Japan's nuclear safety agency on Friday upgraded the Fukushima emergency from a level four to a level five accident rating on the International Nuclear Event Scale.

The increase indicates that the disaster has gone from "an incident with local consequences" to an "incident with wider consequences."

The agency's decision has put the crisis two steps below the 1986 Chernobyl disaster, which reached level seven, the highest rating on the scale, and at the same level as the Three Mile Island accident in the United States in 1979.

Efforts have continued to prevent the catastrophe from escalating, as emergency technicians raced to cool a set of overheated reactors to avert a nuclear meltdown.

The Tokyo Electric Power Company (TEPCO), which operates the plant, said it hoped to finish work on a new power line to reactors No. 1 and 2 by Saturday.
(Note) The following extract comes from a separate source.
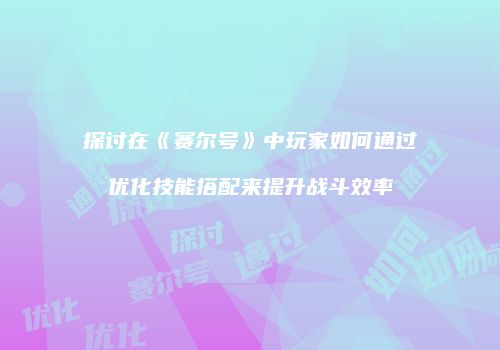 探讨在《赛尔号》中玩家如何通过优化技能搭配来提升战斗效率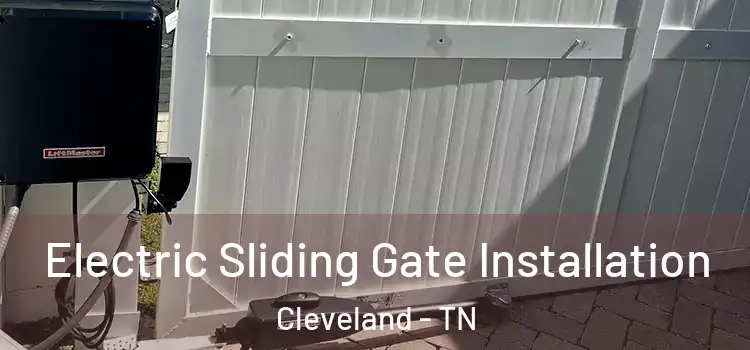  Electric Sliding Gate Installation Cleveland - TN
Engineers worked to lay the kilometer-long (0.6 mile) cable from the main electricity grid, which would help restore the cooling systems.

The reactors' cooling systems were knocked out following last Friday's magnitude 9 earthquake off the coast of Japan and the subsequent tsunami that battered coastal cities. The twin disasters sparked a series of fires and explosions at the Fukushima plant.

'Fighting a fire we cannot see'

Fire trucks at the Fukushima power plant
Fire trucks converged to spray water at Fukushima plantImage: AP/Kyodo News

At reactors three and four, workers were carrying on with efforts to douse the reactors with water. Japan's Nuclear and Industrial Safety Agency said that the priority was to dump water into reactor three which contains plutonium and is the most critical.

Japan's nuclear safety agency reported Friday that smoke or steam could be seen rising from reactor two, possibly from the spent fuel pool or from an explosion in the suppression chamber.

Military helicopters and a fleet of fire trucks were on standby to aid in the effort. But Japanese engineers said they cannot say if the crisis is under control.

"With the water-spraying operations, we are fighting a fire we cannot see," said Hideohiko Nishiyama, deputy director general of the Japan's nuclear agency.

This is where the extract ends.